▸ Exercise
Print, exactly as they stand, the lines below from the one that has "small airplanes in" to the one that has "Whiskas Kitten Mixed", inclusive, leaving out the pictures.

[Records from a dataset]
Segment Open

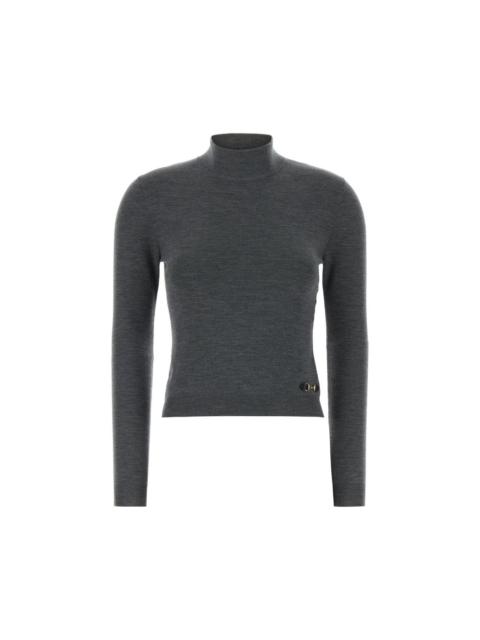 GUCCI GUCCI $1700 Dark Brown Fine Rib Knit Wool Horsebit Top New &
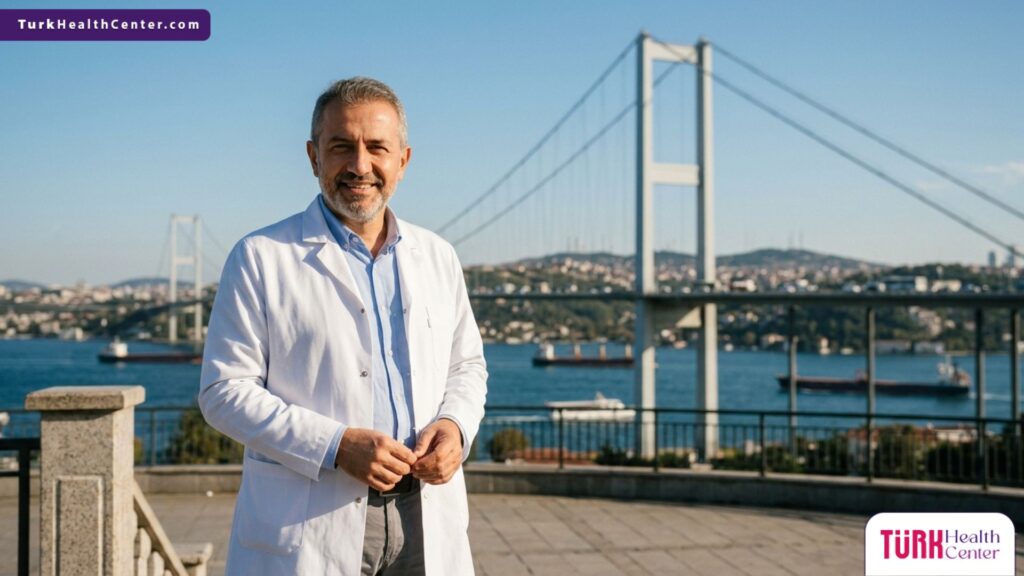 خبير تأهيل طبي مبتسم يمثل أفضل مراكز العلاج الطبيعي بعد الجراحة يقف أمام جسر البوسفور في إسطنبول، تركيا.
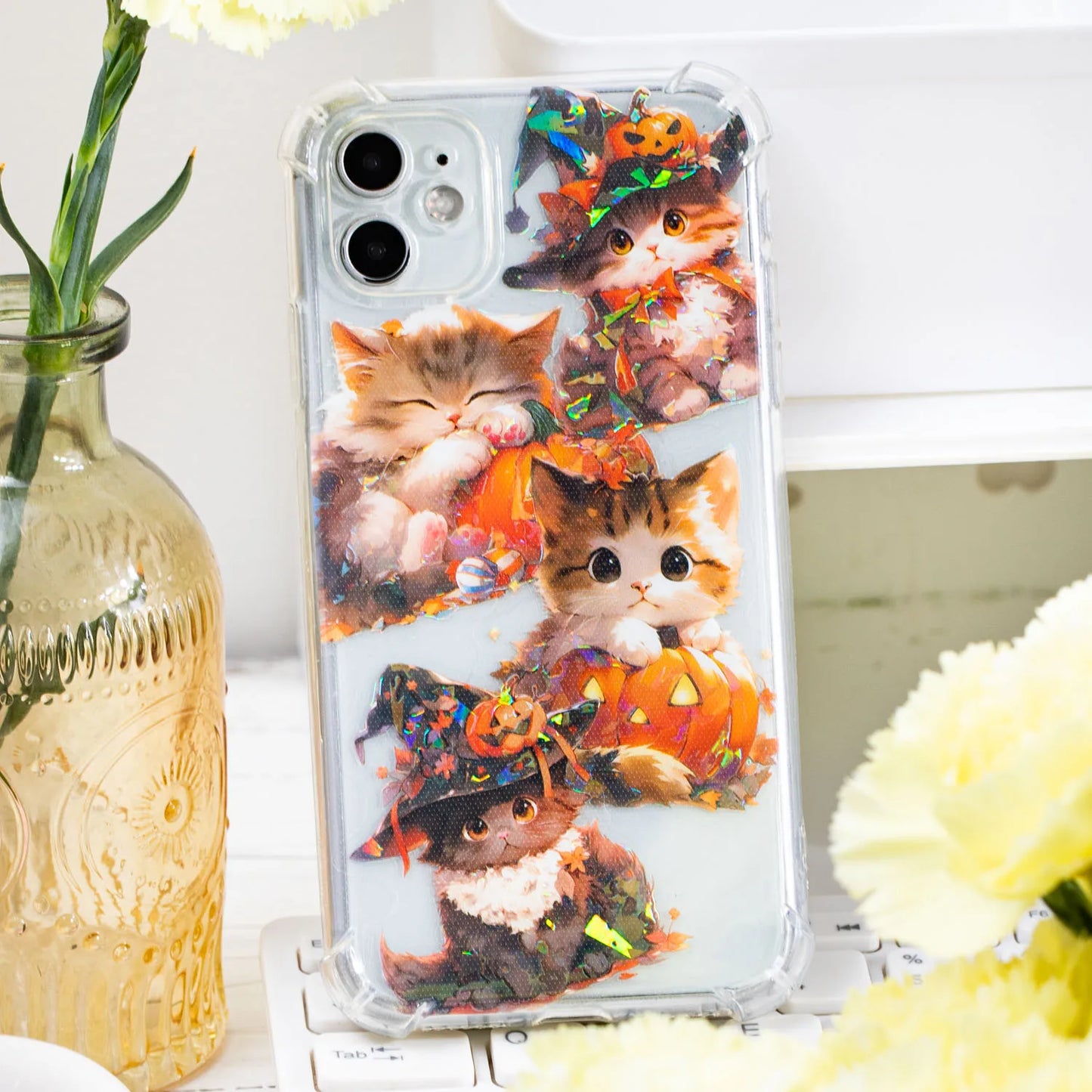 Play Kitten Series Kawaii Flower Cats Sticker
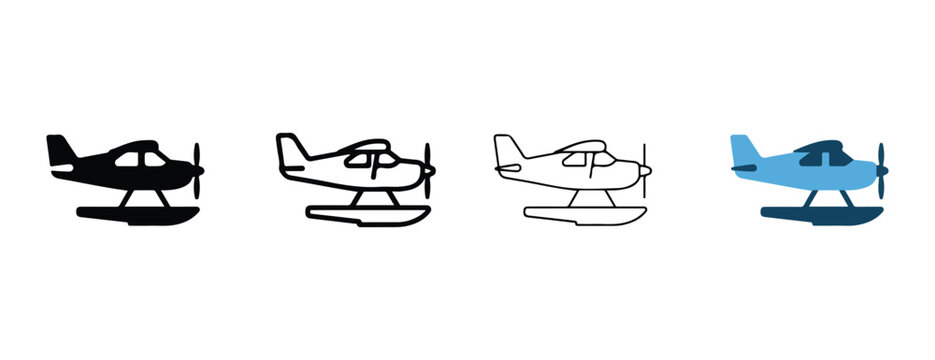 small airplanes in different colors and line styles for graphic design and icons  various aviation symbols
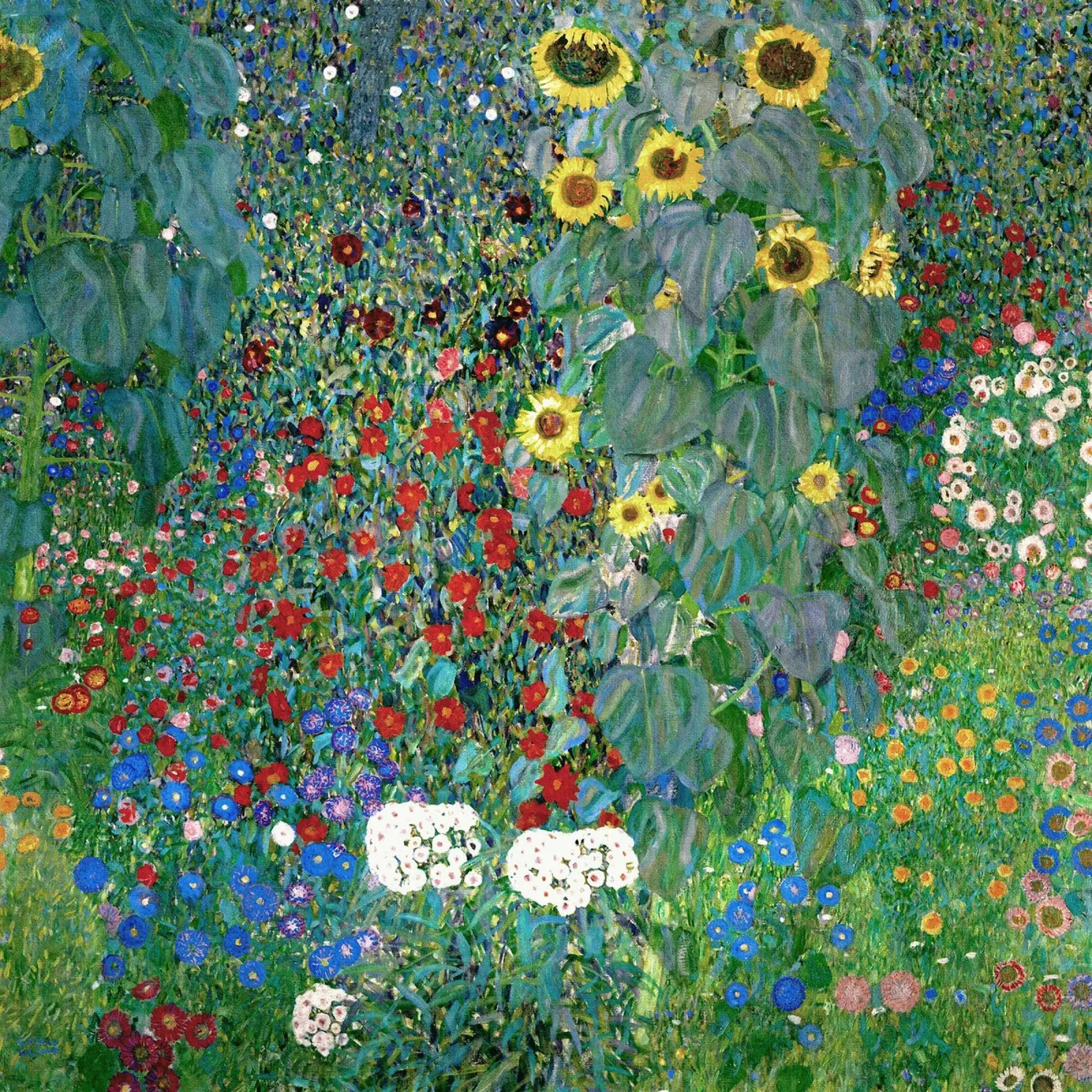 Giardino con girasoli - Gustav Klimt poster con telaio in legno da Show Art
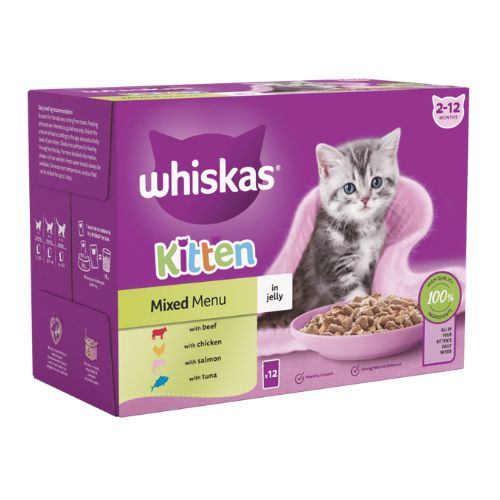 Whiskas Kitten Mixed Menu In Jelly 2-12 Month 12 x 85g Cat Food & Treats Whiskas   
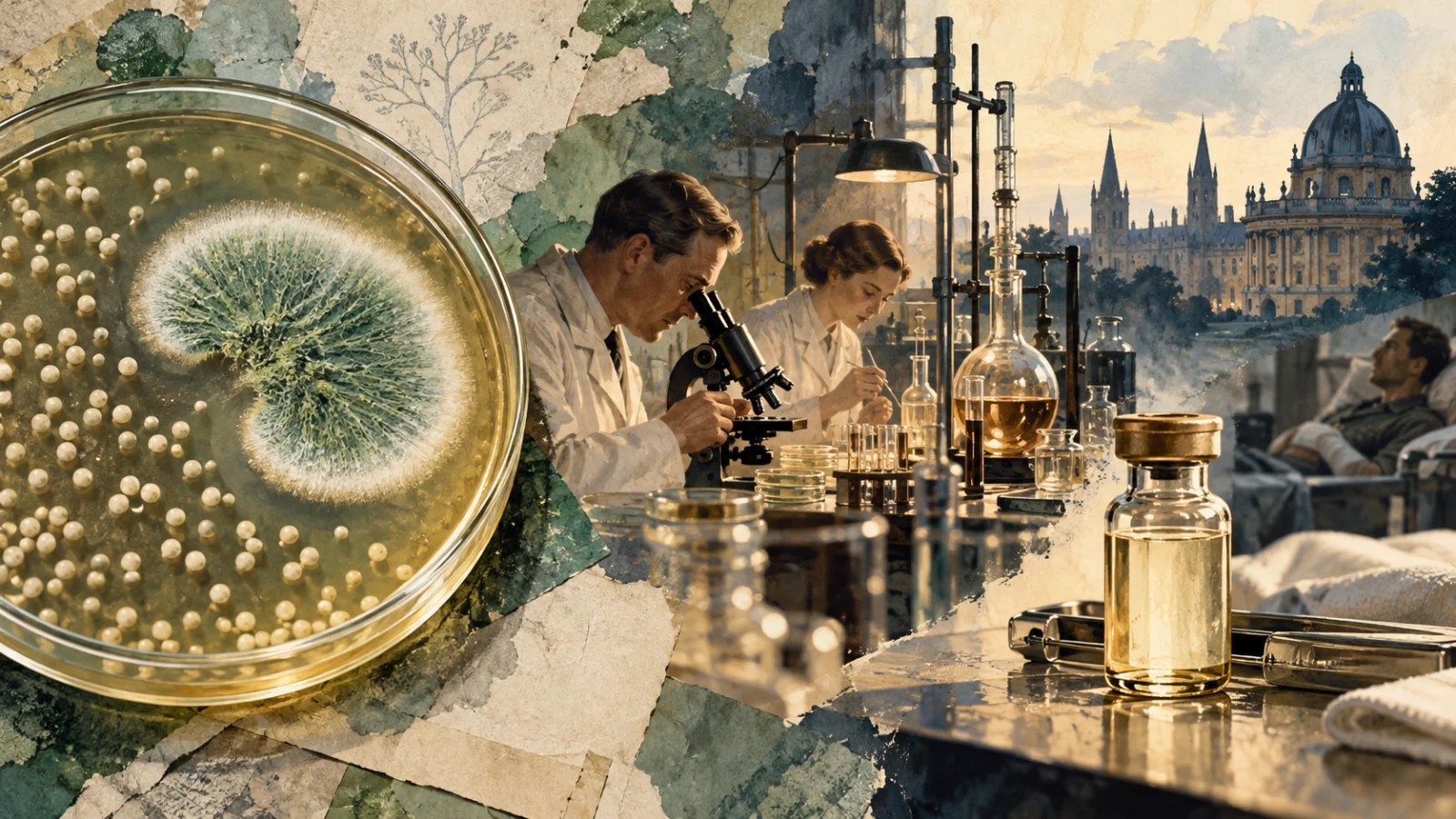 Penicillin mould in a dish beside wartime laboratory scientists and a medicine vial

Segment Closed

▸ Result for this task
 small airplanes in different colors and line styles for graphic design and icons  various aviation symbols
 Giardino con girasoli - Gustav Klimt poster con telaio in legno da Show Art
 Whiskas Kitten Mixed Menu In Jelly 2-12 Month 12 x 85g Cat Food & Treats Whiskas   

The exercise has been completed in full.